Alkaline · April 7, 2021, 2:57pm

Hi,

I want to check if a string is the same but ignore missing values. An example is the following:
Unbenannt|345x184

I cannot use the rule engine node, as this will not ignore the missing columns.
I could build a unique concatenate of each line and count the number of unique strings. But don´t know how to do this. Any ideas?

bruno29a · April 7, 2021, 3:26pm

Hi @Alkaline , input data and workflow usually helps to look into the challenge
Off of my head, you can split your data into rows with missing values, call this set D1, and rows with values, call this set D2, and apply the rule engine that you intend to do on D2, and concatenate the results with D1

sjporter · April 7, 2021, 3:39pm

Hey @Alkaline,

Here is an example solution for you:

duplicate detection.knwf (13.0 KB)

The Create Collection Column node has an option to ignore missing values:

Then the GroupBy node can create an intersection count:

The RowID node needs to be in there so that you have something to group by.

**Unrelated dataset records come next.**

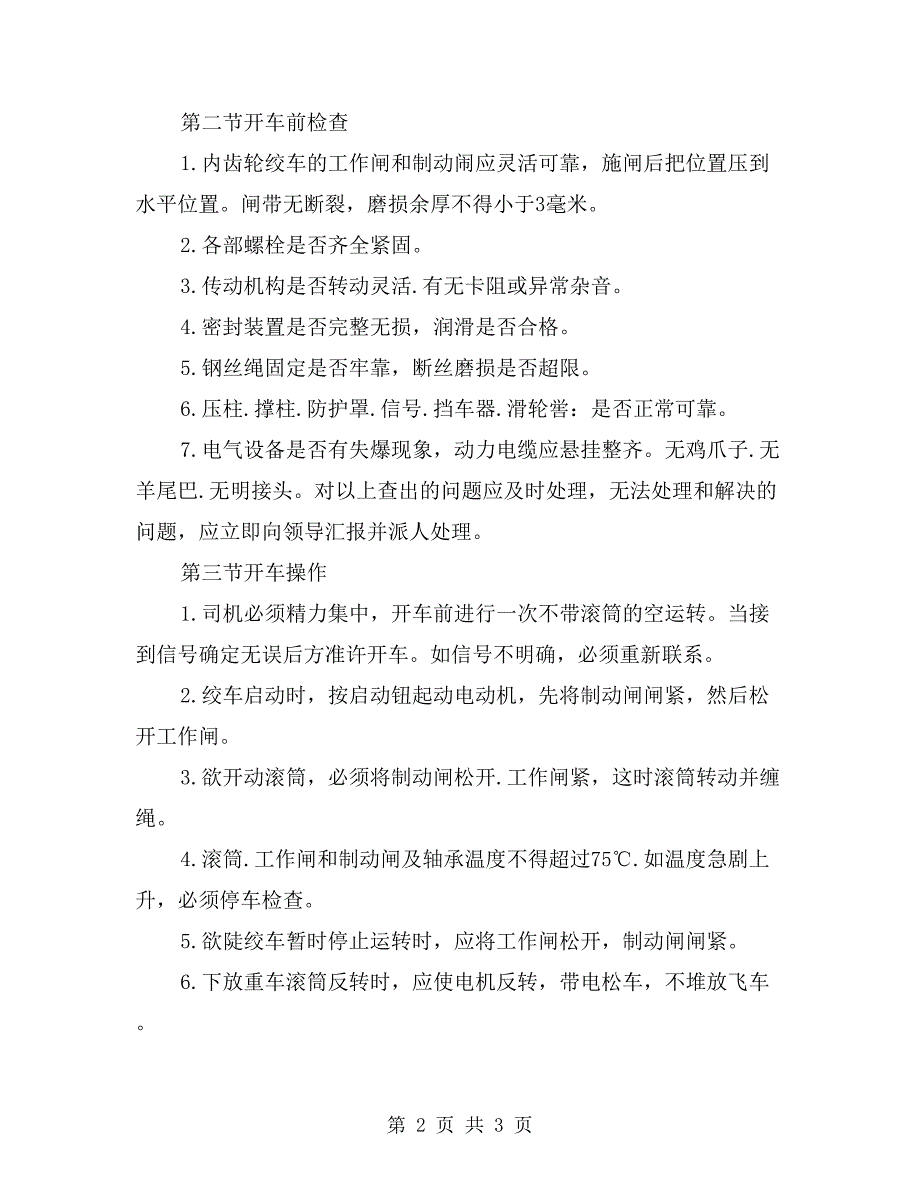 内齿轮绞车司机技术操作规程_第2页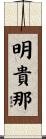 明貴那 Scroll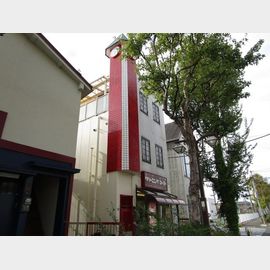 芦屋駅より徒歩10分 築37年7ヶ月の賃貸物件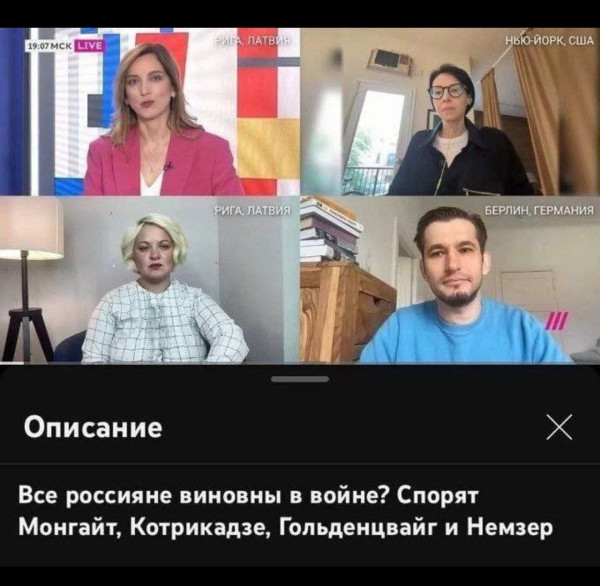 Мем, Максим Камерер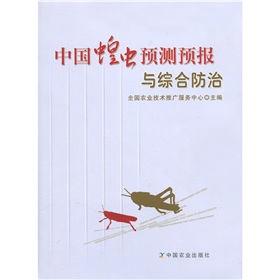 中國蝗蟲預測預報與綜合防治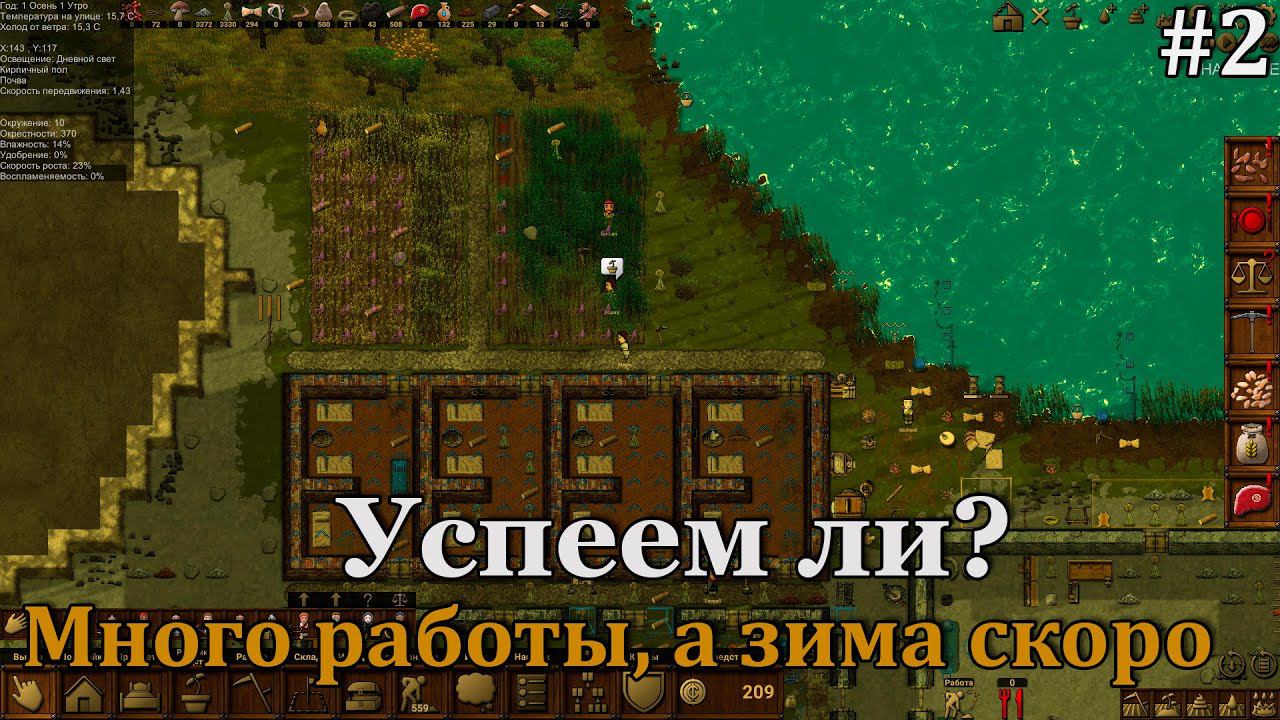 Clanfolk #2 Новые идеи, поля и рабочие зоны! смотреть онлайн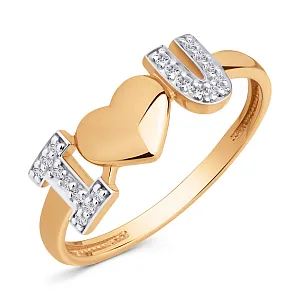 Кольцо из красного золота с фианитами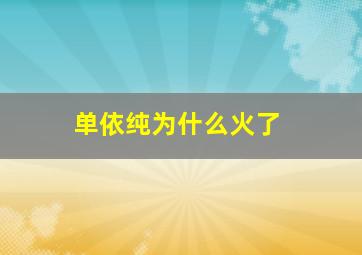 单依纯为什么火了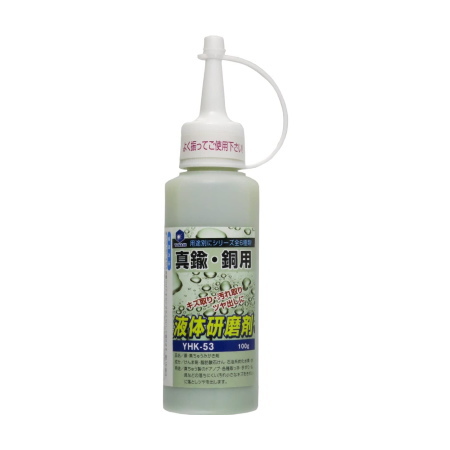 液体研磨剤 100g 1本入 送料無料 研磨剤 液体 磨く : JOYアイランド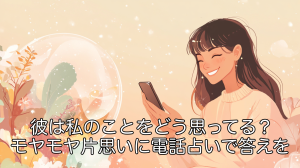 彼は私のことをどう思ってる？モヤモヤ片思いにココナラ電話占いで答えを【体験談】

Here’s what the output looks like:

Cheers,

@sjporter

Alkaline · April 8, 2021, 6:06am

Hi,

thank you! This is exactly the solution I was looking for. I did not know the create collection column node!!!

Solving this with filters would be challenching, as there are different possibilities with/without data, so the Collection column node is great. I can here also group by “Intersection” and use the “Split collection column” node, to recieve the unique string.

ipazin · April 8, 2021, 10:32am

Hello @Alkaline,

if I got it right your outcome depends on number of unique values across multiple columns. If that count is 1 or less than outcome is true otherwise outcome is false. With Column Aggregator node you can get that count

Br,
Ivan

system · October 7, 2021, 10:33pm

This topic was automatically closed 182 days after the last reply. New replies are no longer allowed.